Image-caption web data

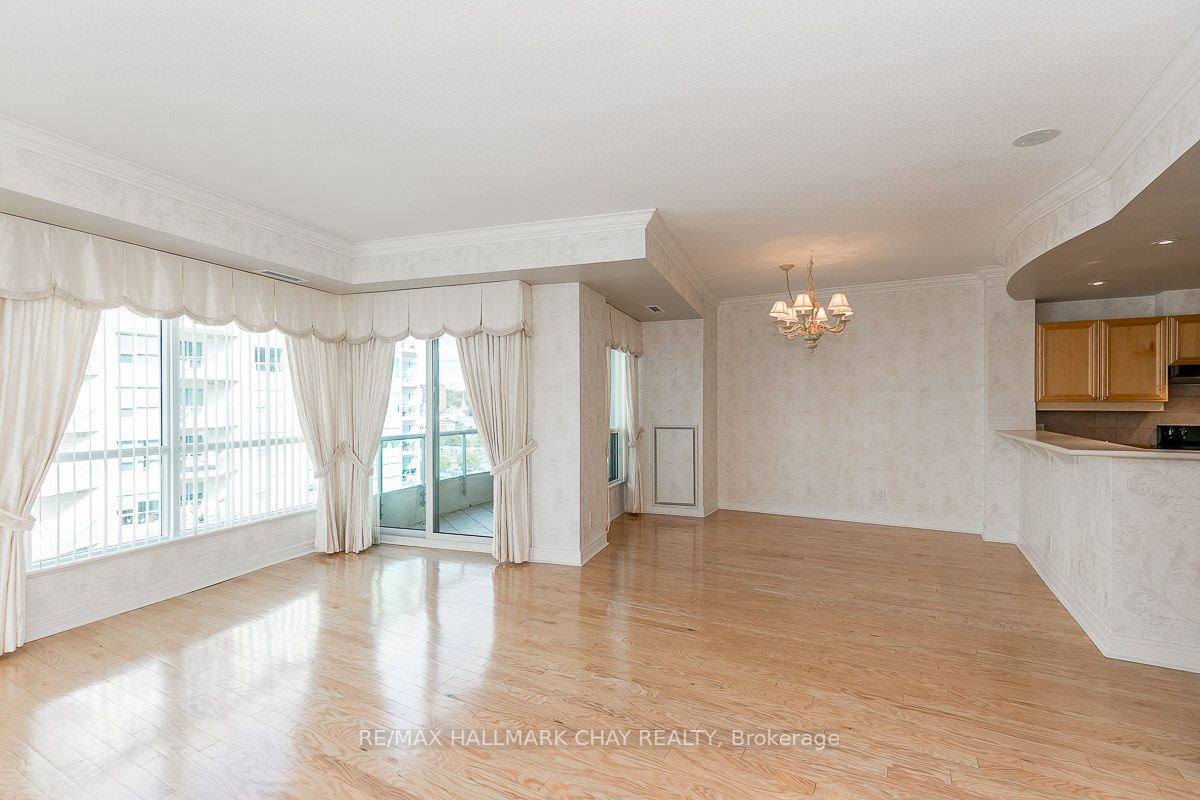 2 Toronto St, #1105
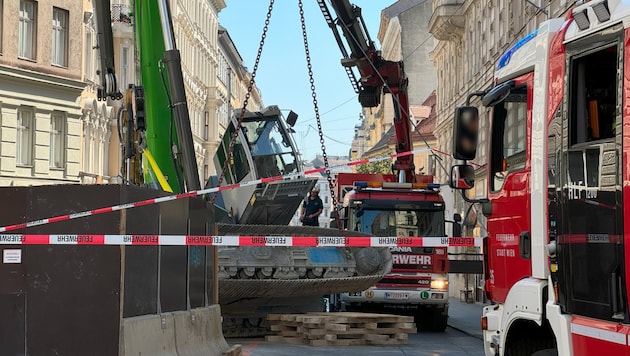 The Vienna professional fire department had to support the construction crane and erect it again. (Bild: Wiener Linien)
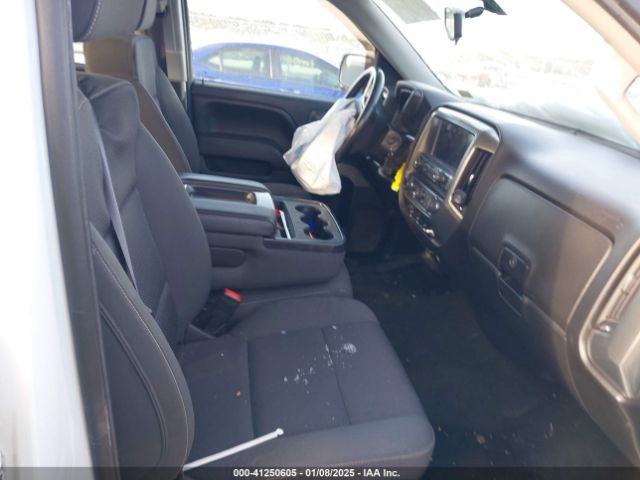 1GCVKREC6HZ268095 Chevrolet Silverado 1500 2lt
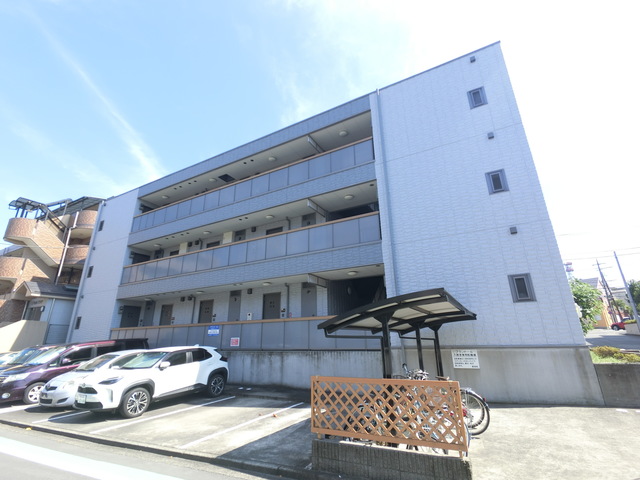 建物外観　駐車場側からの景色です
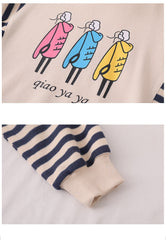 AO0505-58 طقم جيز مميز خريفي دافي ( بلوزة قطنية ثقيلة + بنطلون جينز ناعم )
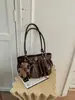 Bolsa de Mano Relajada Estilo Retro Comercio Exterior Nueva para Mujer Estilo Coreano Plegada para el Trabajo Manual de Mano Sensación de Alta Gama Bolso de Hombro Único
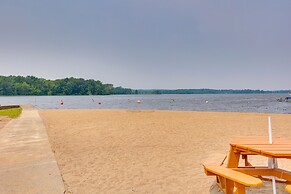 Chippewa Lake Cottage w/ Fire Pit!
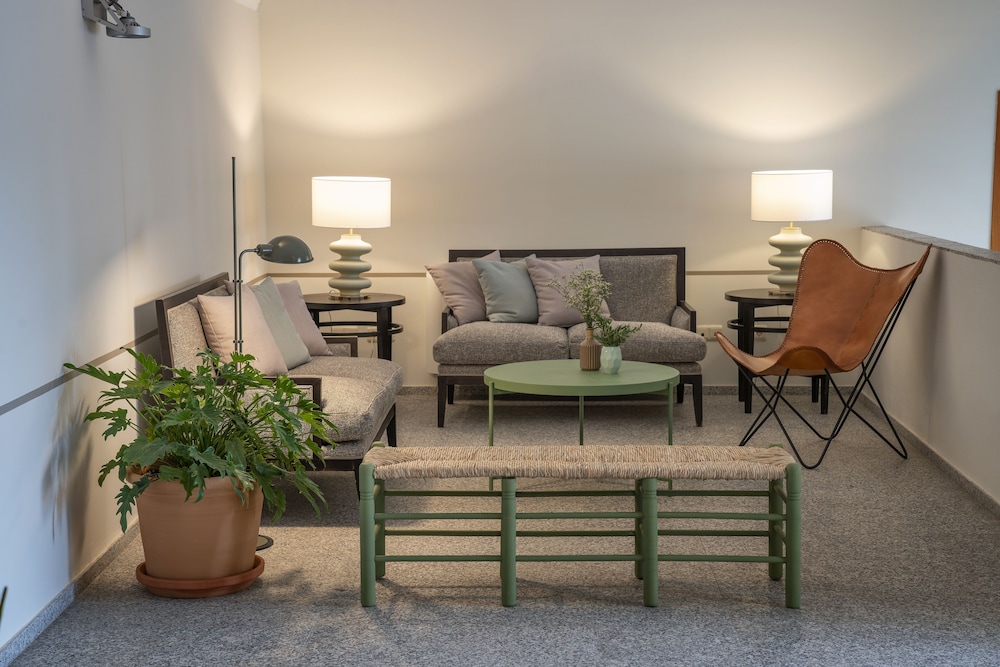 hotel hospes palacio de arenales and spa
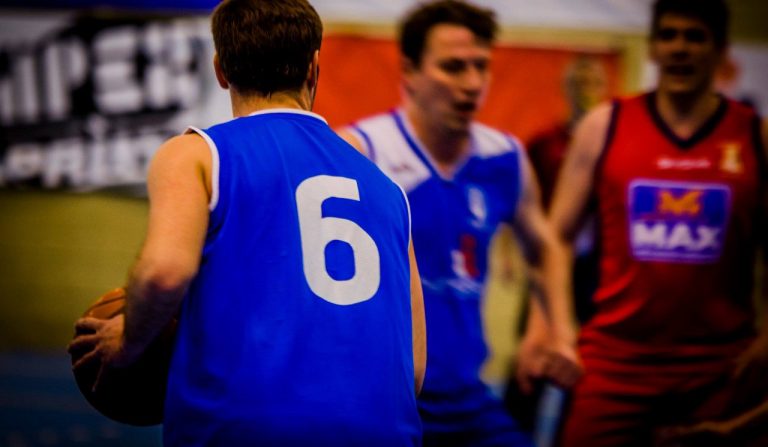 El AD Baloncesto Hellín terminó la primera fase con una derrota ante el Mota del Cuervo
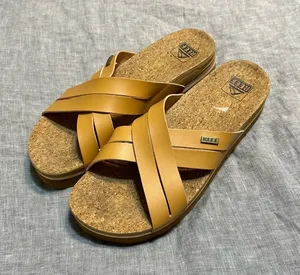 Reef Kaia Cross Women's Sandals Brown Size 10 Casual Summer Comfort thumbnail 1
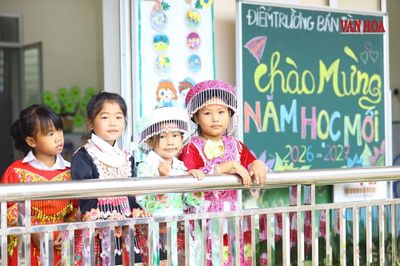 Sắc màu văn hóa trong ngày khai giảng giữa núi rừng Thái Nguyên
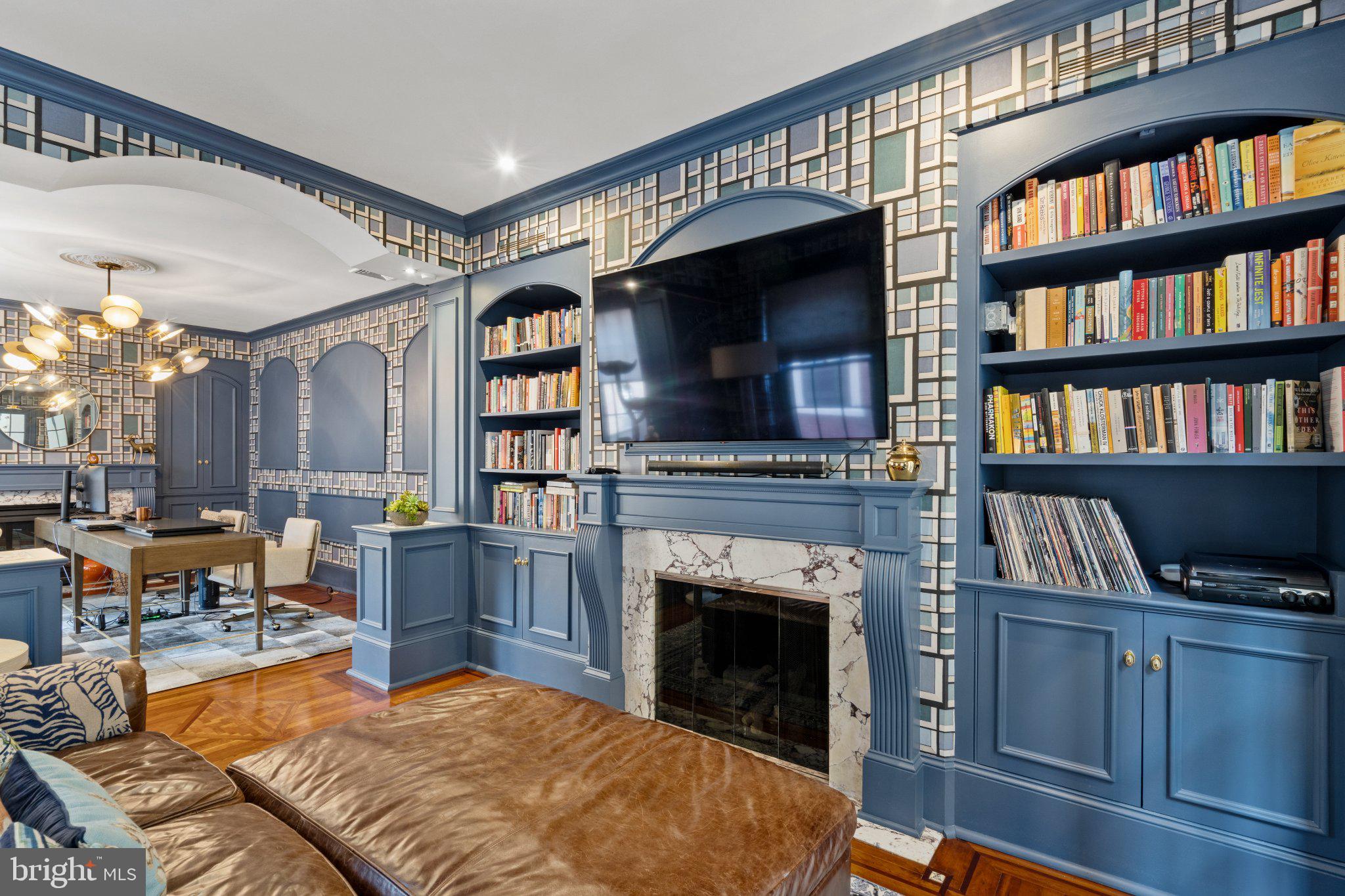 WASHINGTON SQ WEST - Residential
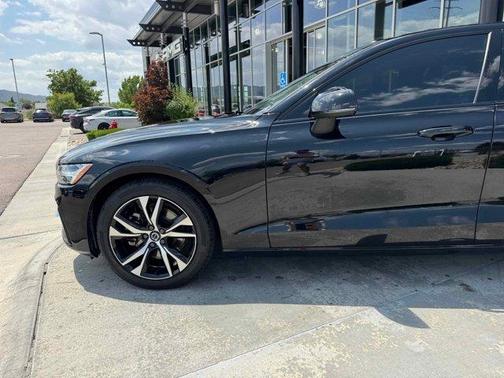 2024 Volvo S60 B5 Plus Dark Theme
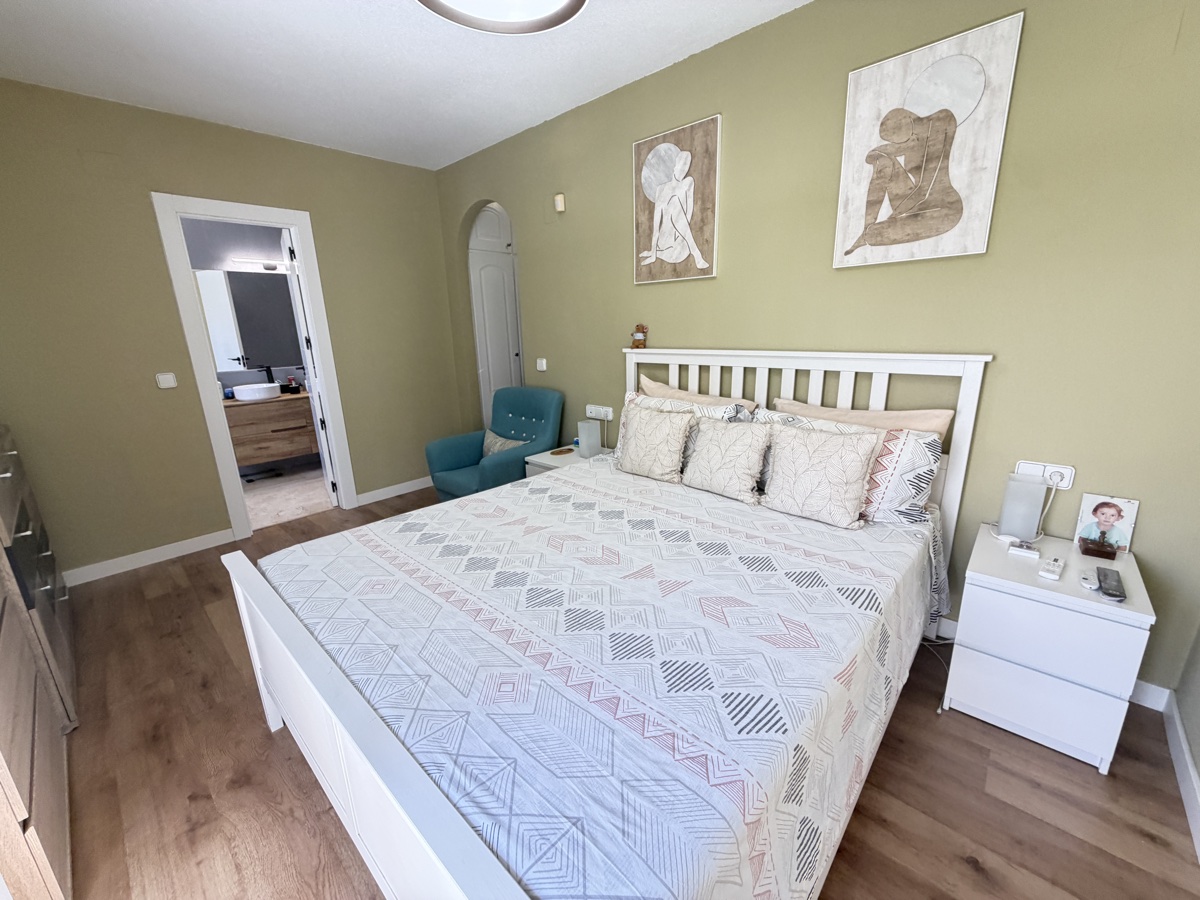 For sale - 3 Bedroom 3 Bathroom Villa in Villamartin - , Villamartin, Alicante, Spain - Alicante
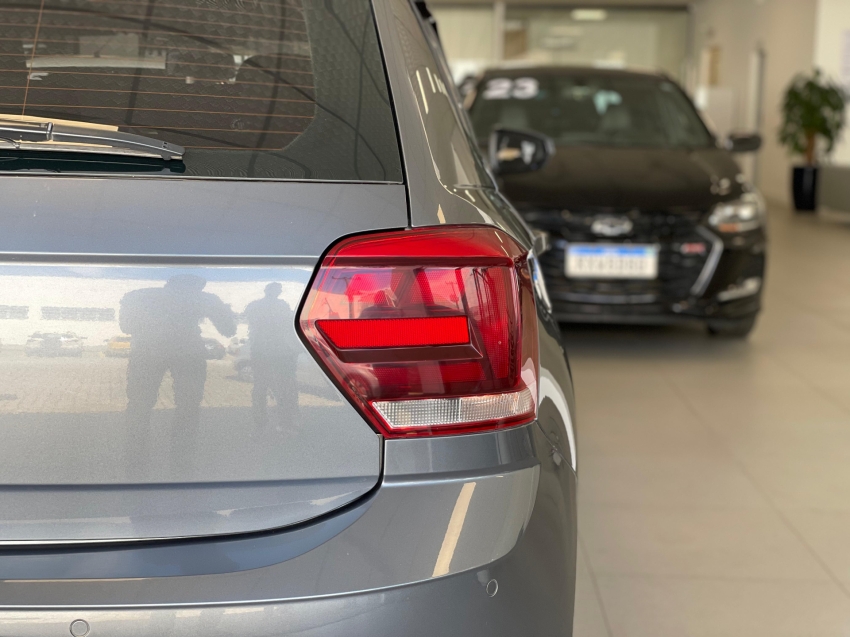 volkswagen polo 1.0 mpi total flex manual 4p 2022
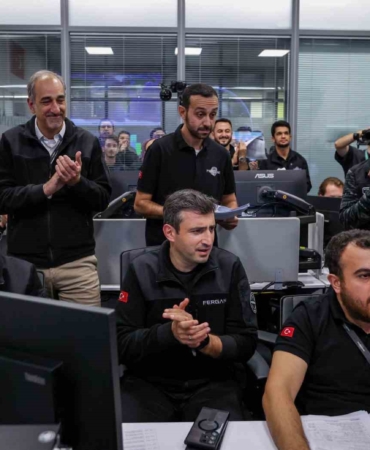 ferganiden-tarihi-adim-turkiyenin-ilk-yorunge-transfer-araci-uzayda-PubB6rTA.jpg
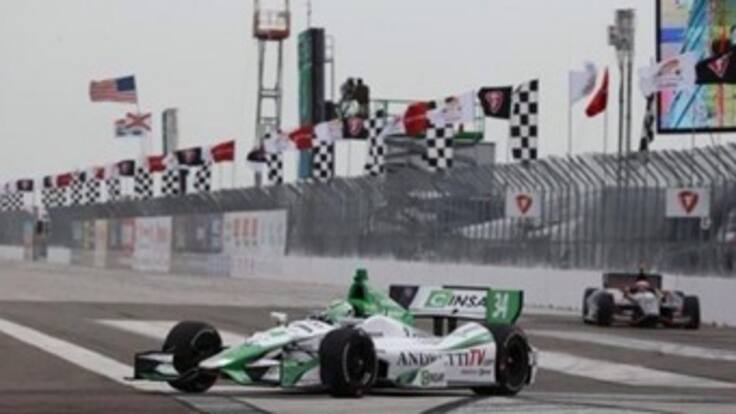 Carlos Muñoz, tercero y Juan Pablo Montoya, cuarto en Long Beach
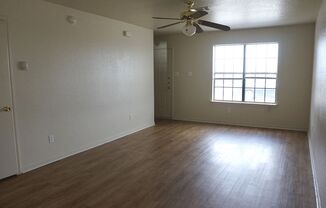 3 beds, 2 baths, $900, Unit Unit A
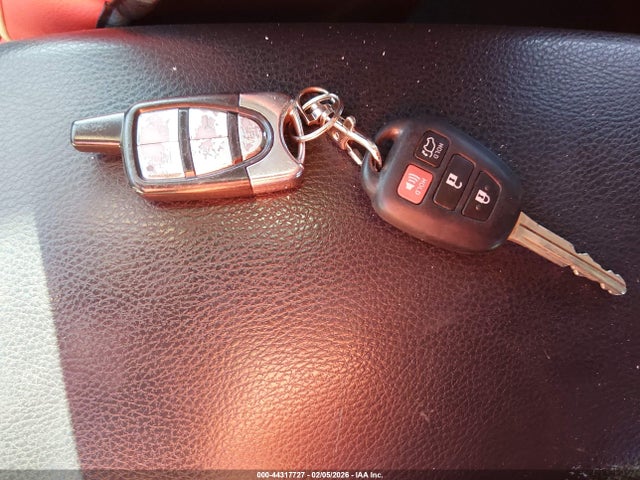 JTMRFREV2GJ064446 Toyota Rav4 Xle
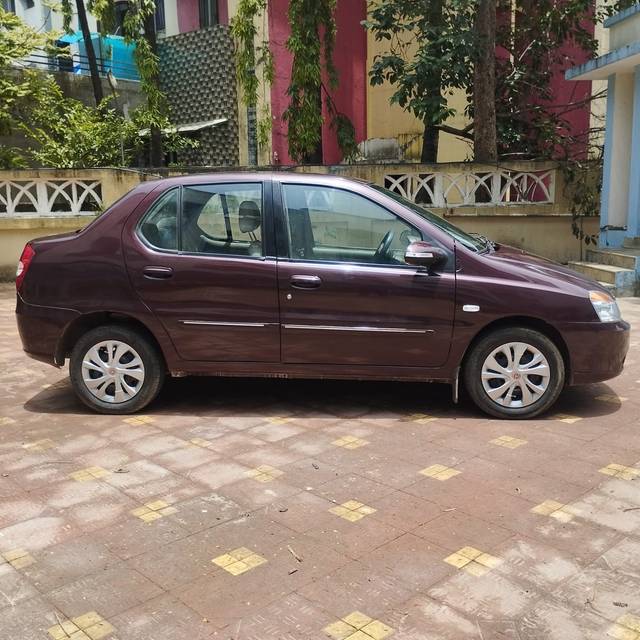 https://images10.gaadi.com/usedcar_image/3679621/original/img2917751__usedcar_3_42001700459458_1700459474.jpeg?imwidth=6401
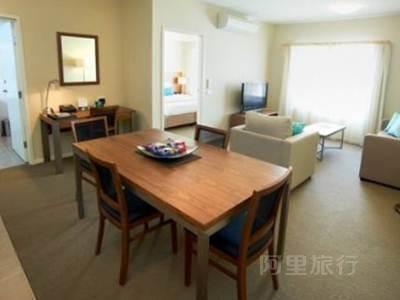 任务迪戈王宝和大酒店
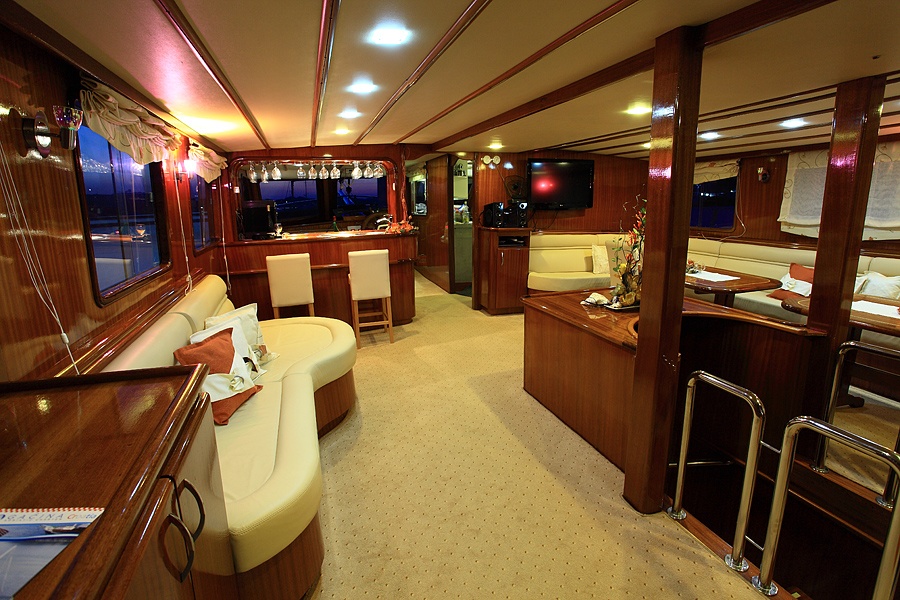 levante_yacht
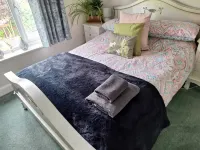 Cosy House in historic market town. Pet friendly with large enclosed garden. - Wi-Fi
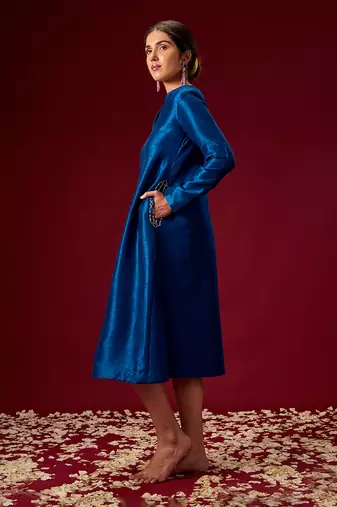 BLUE KURTA WITH EMBELLISHED POCKETS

Work to be completed
Reproduce the data above exactly, but only the lines from the one showing "The Vienna professional" through the one showing "Bolsa de Mano", with both ends kept and the pictures left out.

Task response
 The Vienna professional fire department had to support the construction crane and erect it again. (Bild: Wiener Linien)
 1GCVKREC6HZ268095 Chevrolet Silverado 1500 2lt
 建物外観　駐車場側からの景色です
 AO0505-58 طقم جيز مميز خريفي دافي ( بلوزة قطنية ثقيلة + بنطلون جينز ناعم )
 Bolsa de Mano Relajada Estilo Retro Comercio Exterior Nueva para Mujer Estilo Coreano Plegada para el Trabajo Manual de Mano Sensación de Alta Gama Bolso de Hombro Único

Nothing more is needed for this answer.